Se li citiamo in ordine anagrafico abbiamo Bagnaia, Marini, Bastianini, Di Giannantonio e Bezzecchi. Tutti nati tra il gennaio 1997 e il novembre 1998. Ragionando in chiave 2027, è palese come questa generazione arriverà a quel Mondiale con un’età compresa fra i 30 e i 28 anni. Non sono troppi, ma neppure pochi e la grande sfida sarà quella di adattare il proprio stile di guida alle nuove moto, che saranno totalmente differenti da quelle attuali. Farlo dopo intere stagioni di automatismi e di limiti sconosciuti in passato, ai quali ci si è spinti grazie all’elettronica e alle appendici aerodinamiche, potrebbe non essere semplice.
Vale per tutti, sia chiaro, non solo per gli italiani. Ci si trova di fronte a un’incognita suprema, che per alcuni potrebbe essere una grande opportunità e – viceversa – per altri un ridimensionamento e una condanna all’anonimato. Reinventarsi non è scontato. Proprio per questo, chi “parte da zero”, senza avere riferimenti precedenti in MotoGP potrebbe paradossalmente essere avvantaggiato, o quantomeno non avere alcuno svantaggio rispetto a chi ha esperienza.
Però il filone dell’oro appare esaurito. Ai cinque citati, chi si può aggiungere? Verosimilmente, almeno nel 2027, solo Nicolò Bulega e, appunto, Celestino Vietti. È indubbiamente più concreta l’ipotesi di un approdo nel Motomondiale dell’emiliano (classe 1999, quindi non molto più giovane del quintetto di cui sopra), attualmente stella del Mondiale Superbike. Ducati – seppur in maniera non dichiarata apertamente – sta preparando il terreno per portarlo in MotoGP, come testimoniato dal programma di test previsto per il 2026.
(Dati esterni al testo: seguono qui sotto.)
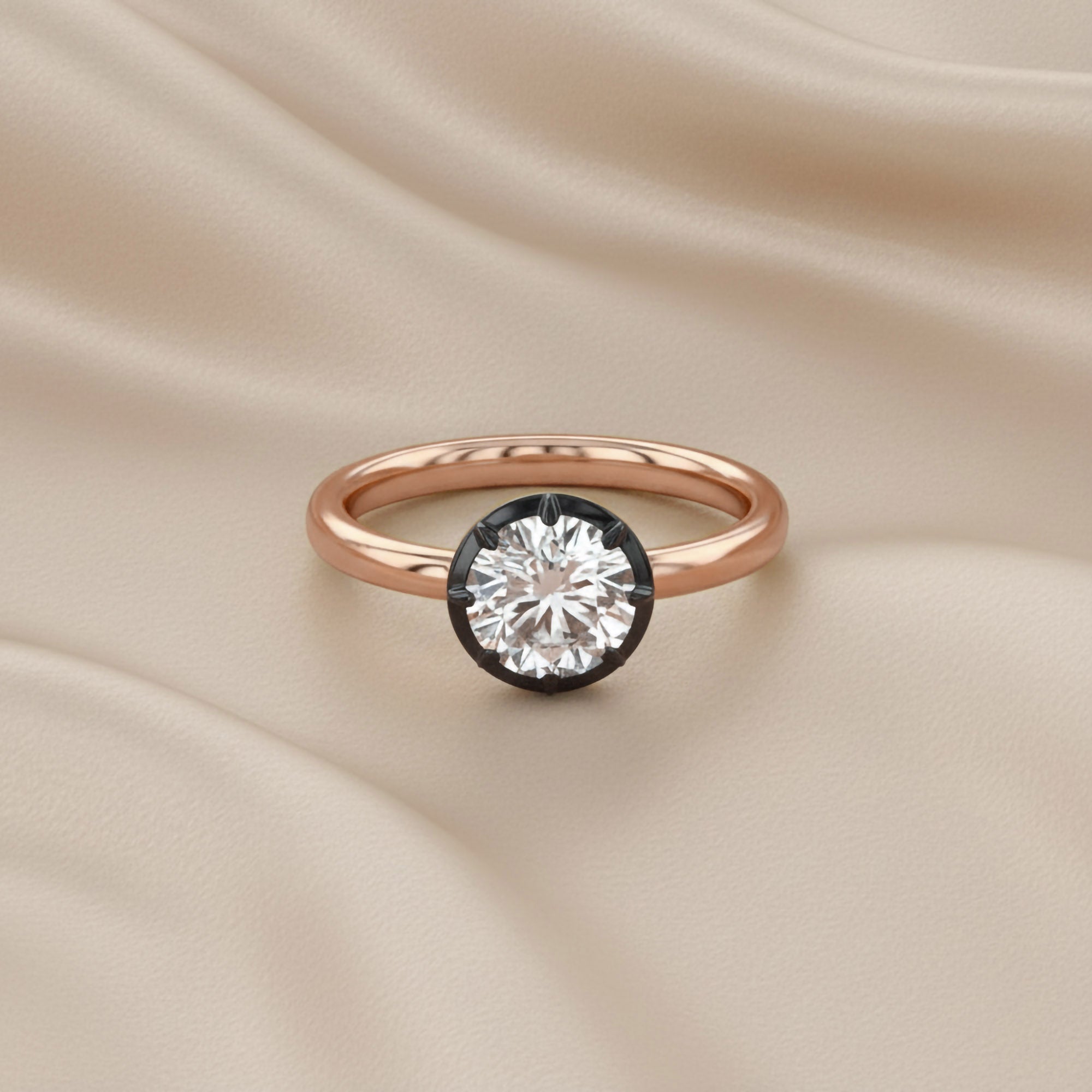 1.00 Carat Round Cut Lab Grown Diamond Georgian Pinky Ring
Il piemontese, ventiquattro anni da compiere a ottobre, si giocherà invece il proprio futuro nel 2026, quando affronterà la sua sesta stagione in Moto2. Sarà quella dell’ora o mai più. Sinora non ha mai trovato continuità nelle categorie formative (siamo a 6 vittorie nella classe cadetta senza, però, che abbia chiuso un campionato fra i primi cinque). Cionondimeno, il pregresso può non avere alcun peso. Conterà quanto verrà messo in mostra nella prossima stagione.
Il #13 della SpeedUp, in passato, è stato considerato un papabile per una MotoGP. Era stato accostato alla struttura satellite Aprilia e al Team VR46. Bisogna ricordarsi come tanti contratti attualmente in essere scadranno proprio a fine 2026. Verosimilmente, il mercato piloti 2027 comincerà molto presto. Dunque, per Vietti, sarà cruciale chiudere bene il 2025 e cominciare alla grande l’annata ventura, in maniera tale da giocarsi le possibilità di issarsi nella classe regina, dove l’Italia non ha un rookie ormai dal 2022.